__What you are asked to do__. Your task is to copy exactly the lines from the line containing "a view of kitchen" through the end of the listing below, with pictures left out.
Start of Supplied data
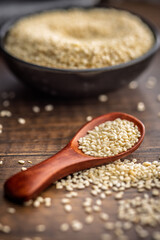 Roasted sesame seeds on spoon on wooden table.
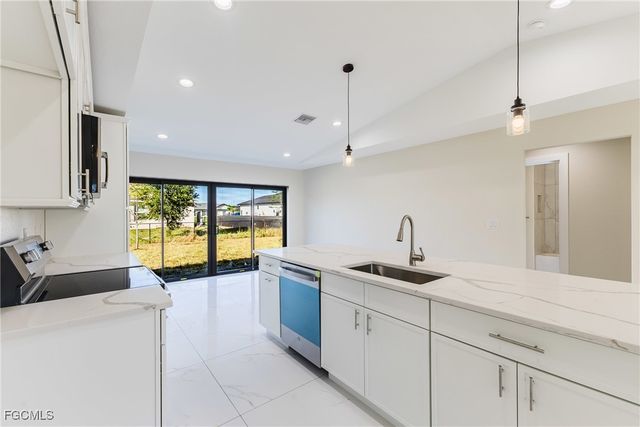 310 NW 16th PL, Cape Coral, FL 33993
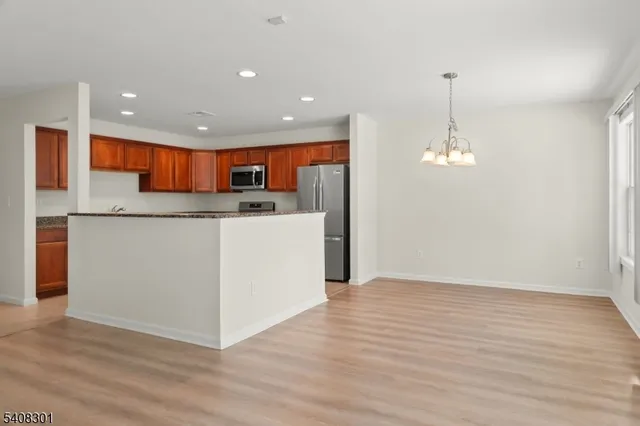 a view of kitchen with cabinets and wooden floor
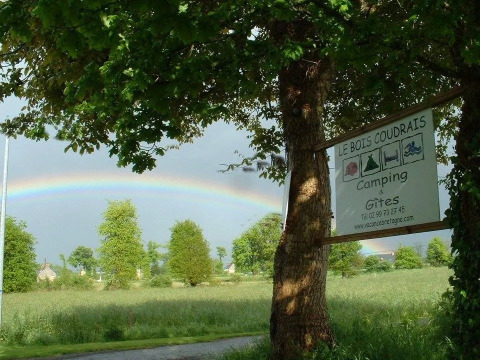 Arcobaleno sopra i campi verdi accanto al campeggio Le Bois Coudrais in Bretagna, Francia, con il cartello all’ingresso.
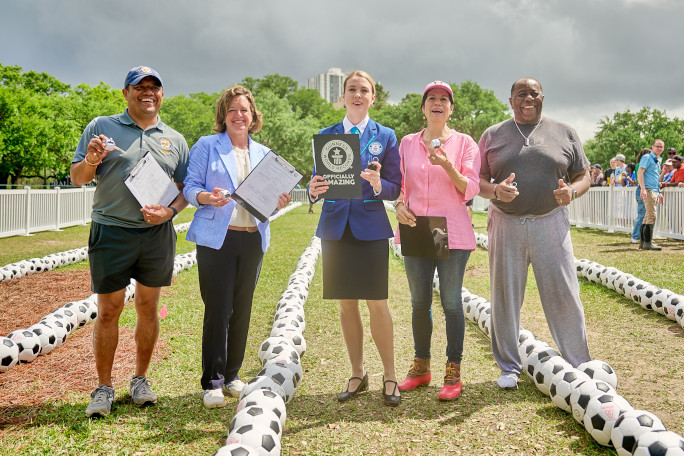 Adjudicator and event organizers standing in front of the soccer balls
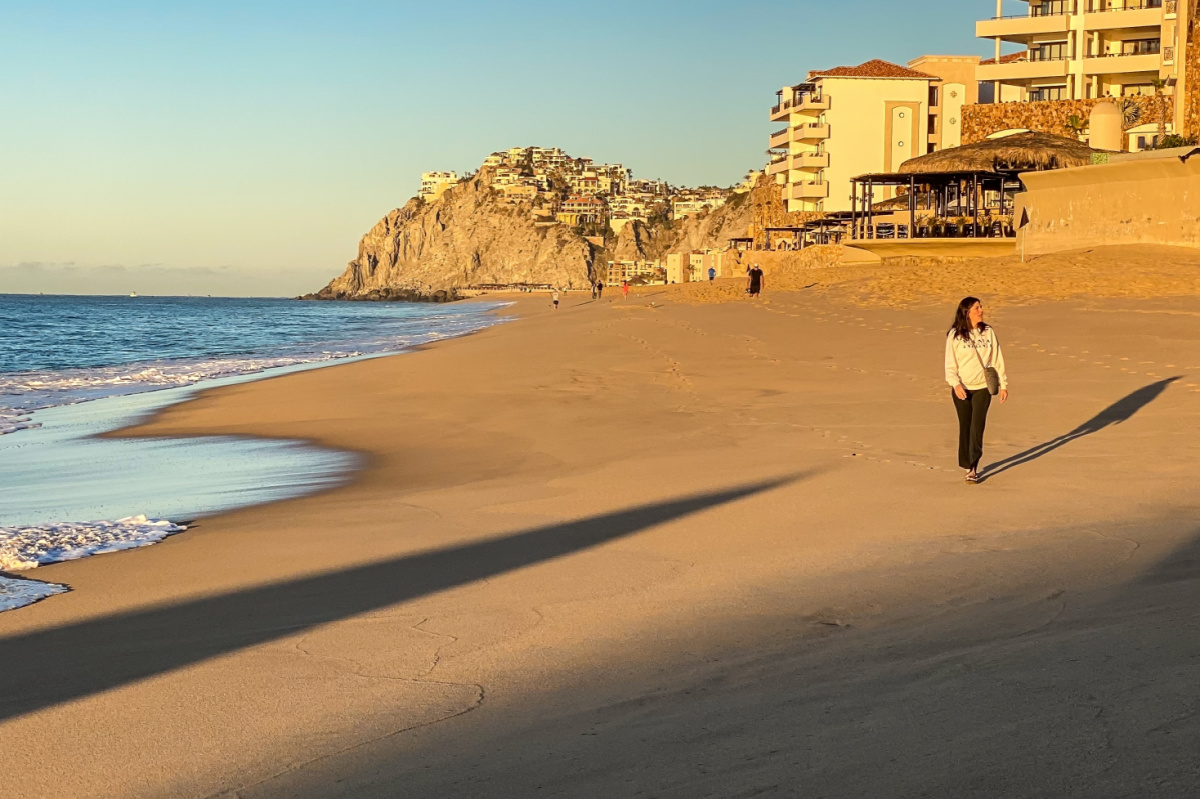 Woman Walking on a Beach in Cabo San Lucas, Mexico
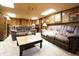 Spacious basement with carpet flooring, comfortable seating, and ample lighting for a cozy living area at 720 22Nd St, Columbus, IN 47201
End of Supplied data
__Completed task__.
 a view of kitchen with cabinets and wooden floor
 Arcobaleno sopra i campi verdi accanto al campeggio Le Bois Coudrais in Bretagna, Francia, con il cartello all’ingresso.
 Adjudicator and event organizers standing in front of the soccer balls
 Woman Walking on a Beach in Cabo San Lucas, Mexico
 Spacious basement with carpet flooring, comfortable seating, and ample lighting for a cozy living area at 720 22Nd St, Columbus, IN 47201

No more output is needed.